The task:
Entries below include pictures. Output exactly the lines from the one with "Traueranzeige von Helene" down to the one with "شال سبز طرح طاووس چهار فصل ارسال رایگان", both ends included, and leave the pictures out.

Given data:
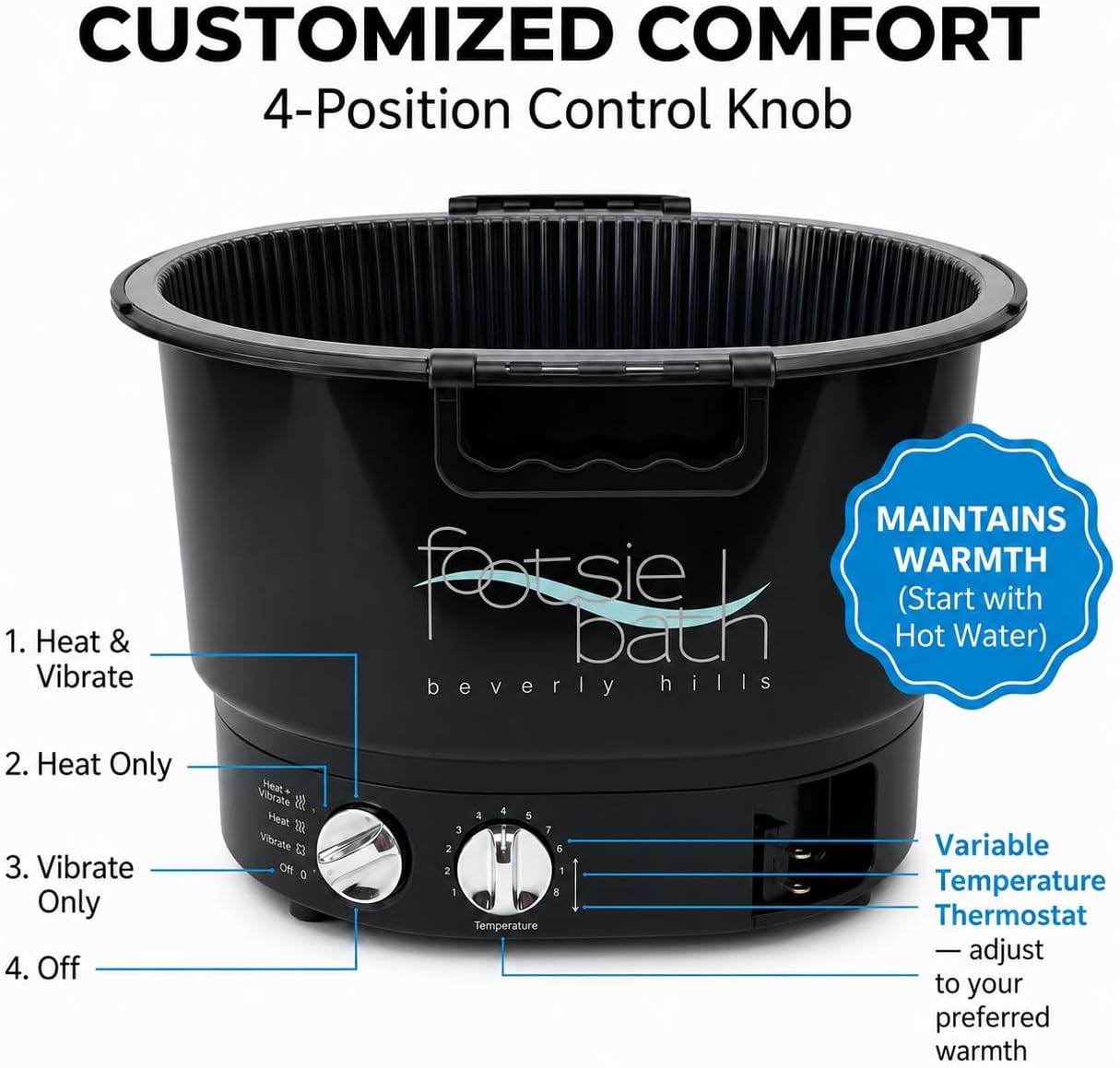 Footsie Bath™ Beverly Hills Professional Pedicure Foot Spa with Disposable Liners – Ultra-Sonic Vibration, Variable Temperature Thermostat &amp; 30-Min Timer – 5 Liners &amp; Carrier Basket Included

--

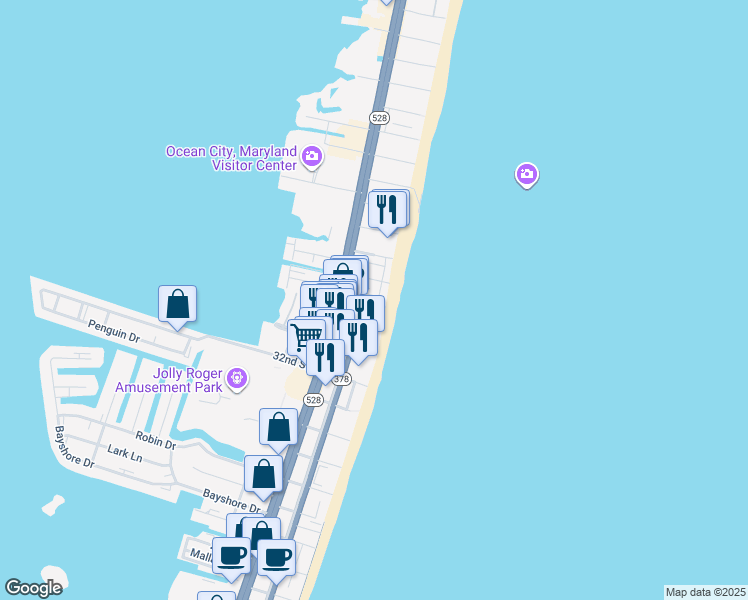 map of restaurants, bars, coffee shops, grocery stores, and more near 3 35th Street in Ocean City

...

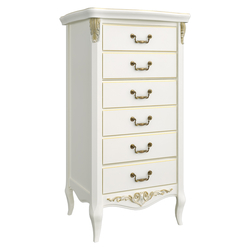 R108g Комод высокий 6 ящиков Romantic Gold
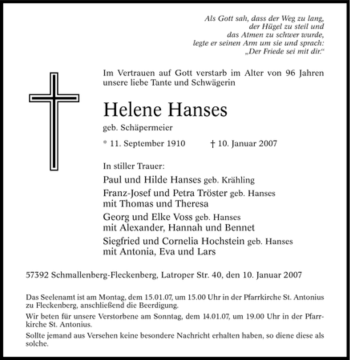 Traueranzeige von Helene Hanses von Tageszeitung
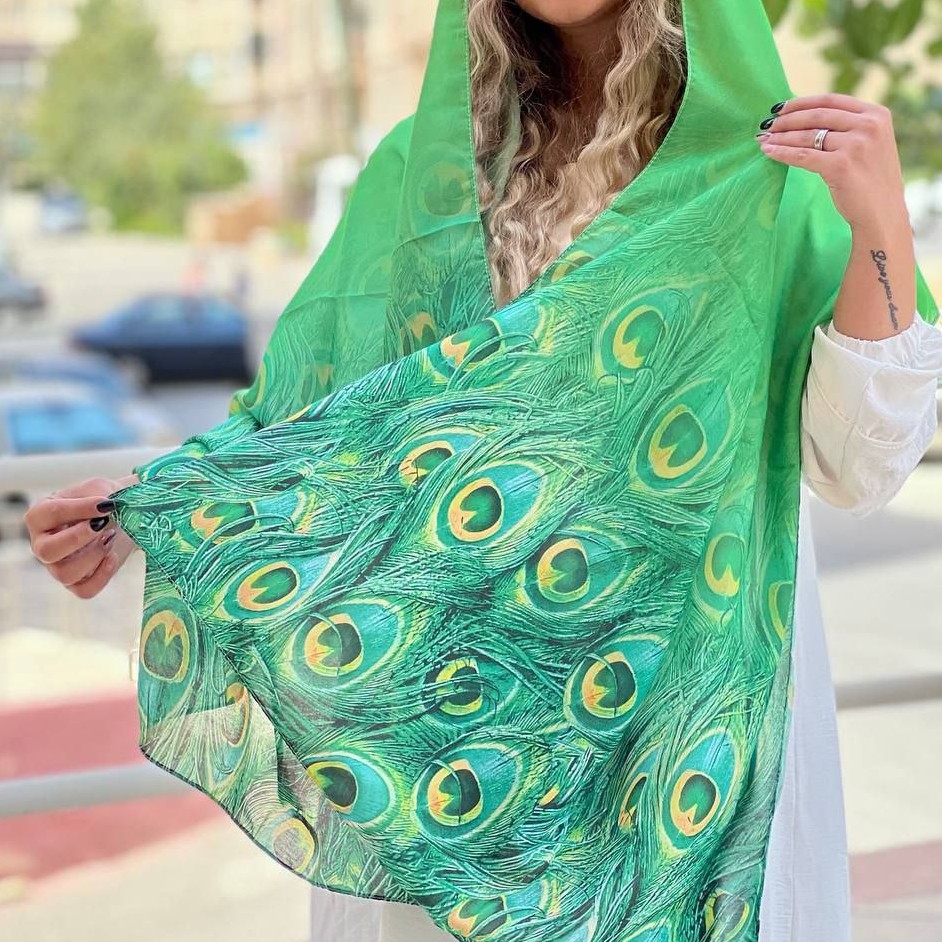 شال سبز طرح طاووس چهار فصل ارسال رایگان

Exercise response:
 Traueranzeige von Helene Hanses von Tageszeitung
 شال سبز طرح طاووس چهار فصل ارسال رایگان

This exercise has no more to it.